Pictures must not appear in the copy. Set down exactly the line with "Partner look caps" and each line after it through the end of the data below.

*** Data for review Section Begins ***

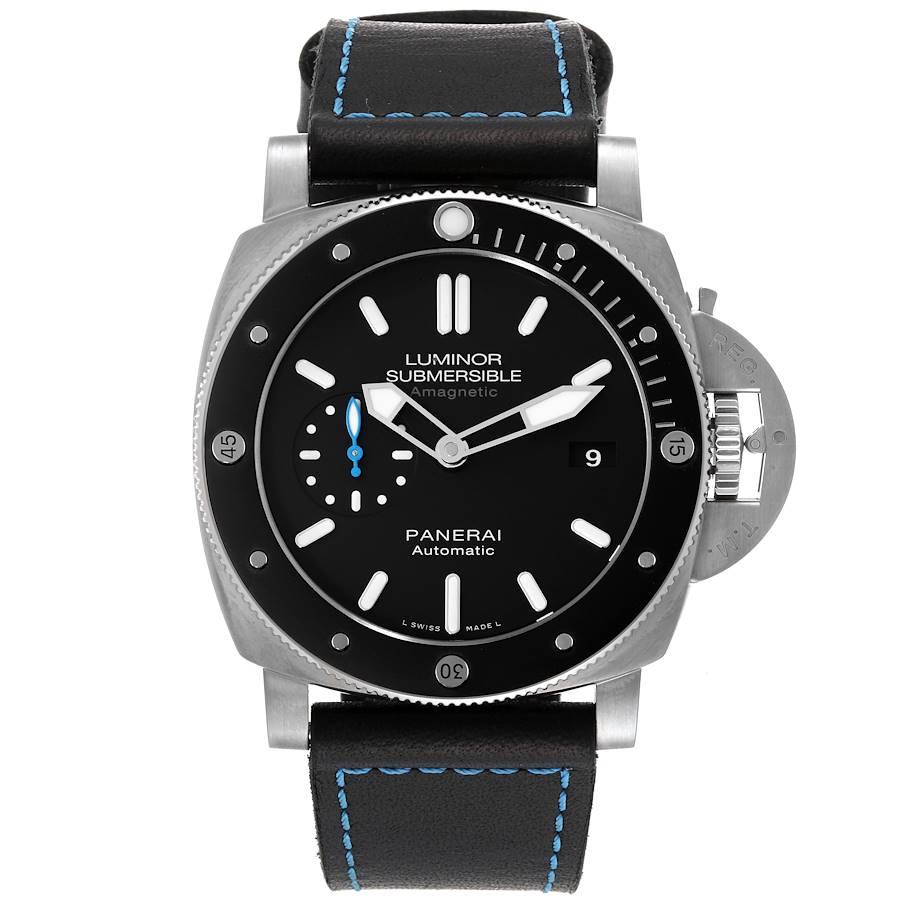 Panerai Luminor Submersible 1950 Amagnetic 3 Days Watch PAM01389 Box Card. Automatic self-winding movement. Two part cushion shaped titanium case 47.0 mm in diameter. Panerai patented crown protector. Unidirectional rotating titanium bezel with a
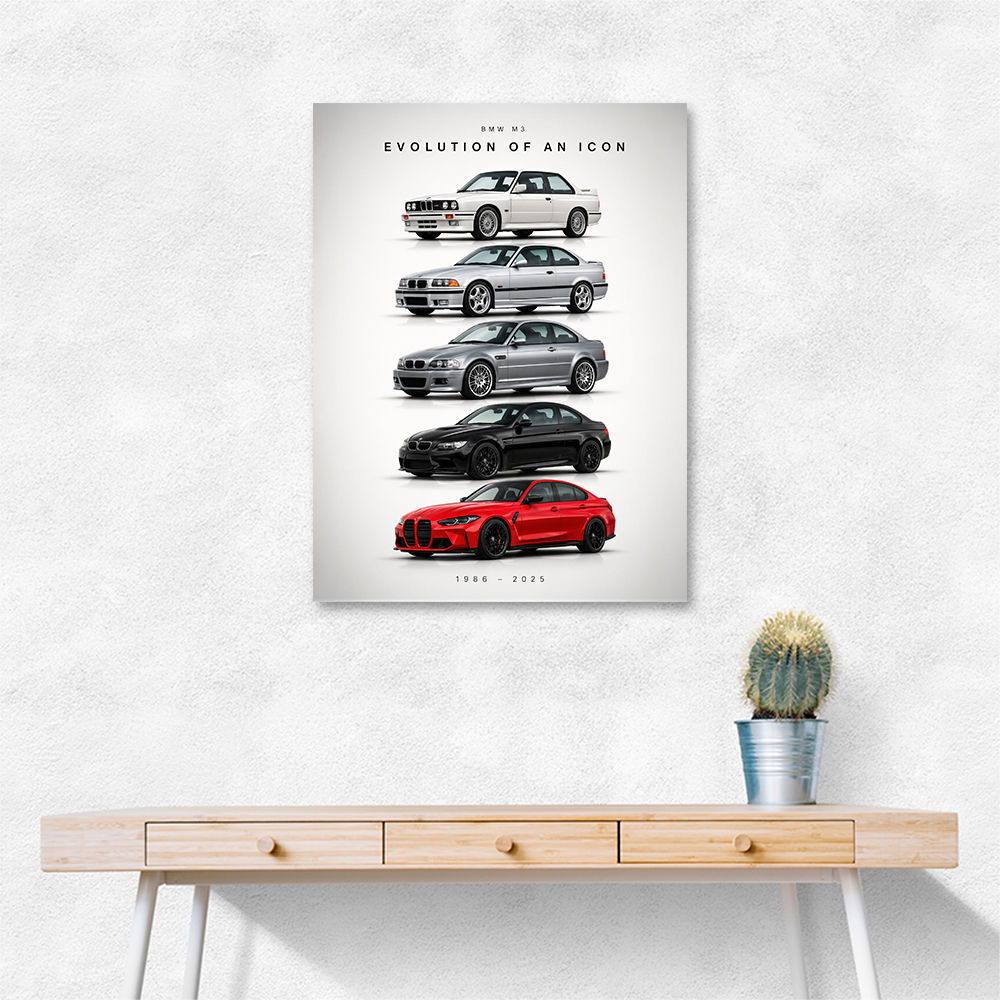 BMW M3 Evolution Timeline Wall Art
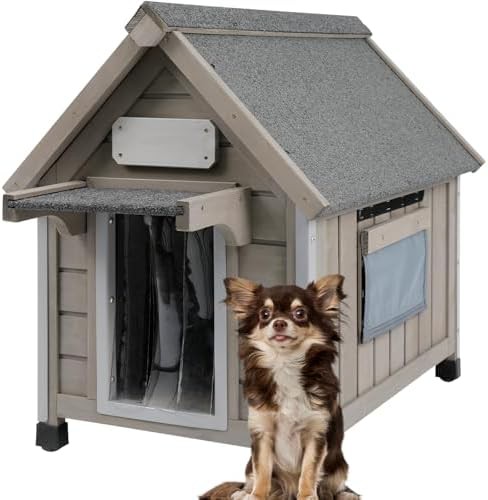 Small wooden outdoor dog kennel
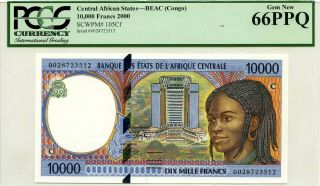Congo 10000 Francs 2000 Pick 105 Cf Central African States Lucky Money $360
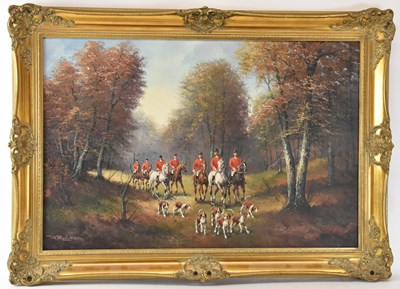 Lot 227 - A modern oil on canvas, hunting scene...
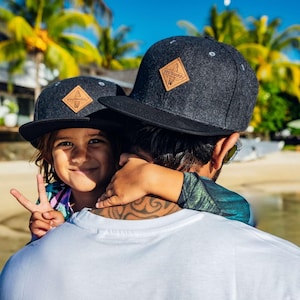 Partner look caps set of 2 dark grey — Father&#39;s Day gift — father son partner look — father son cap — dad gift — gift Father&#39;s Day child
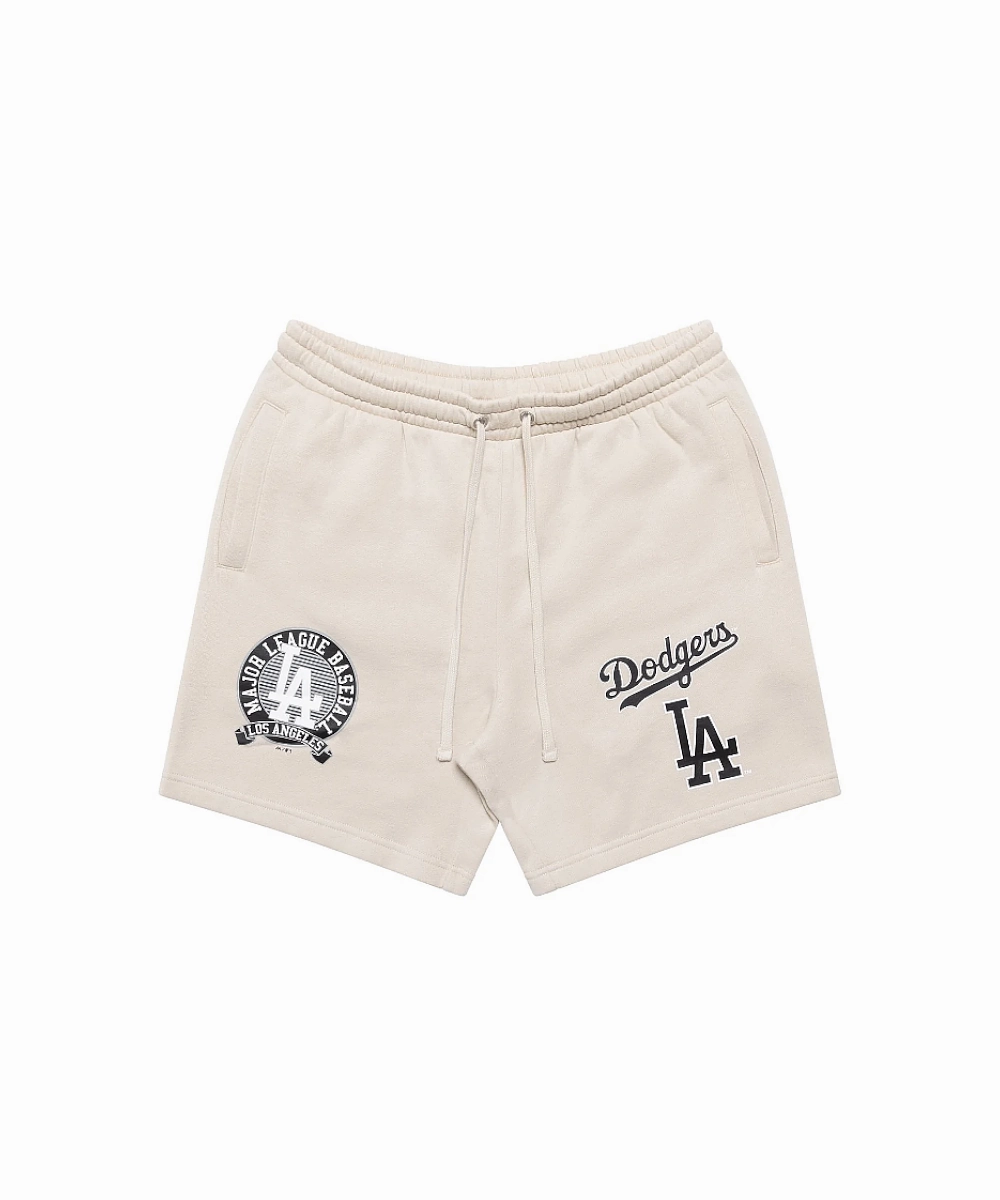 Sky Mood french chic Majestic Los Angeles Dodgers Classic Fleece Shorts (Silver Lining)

*** Data for review Section Ends ***

__Completed exercise__:
 Partner look caps set of 2 dark grey — Father&#39;s Day gift — father son partner look — father son cap — dad gift — gift Father&#39;s Day child
 Sky Mood french chic Majestic Los Angeles Dodgers Classic Fleece Shorts (Silver Lining)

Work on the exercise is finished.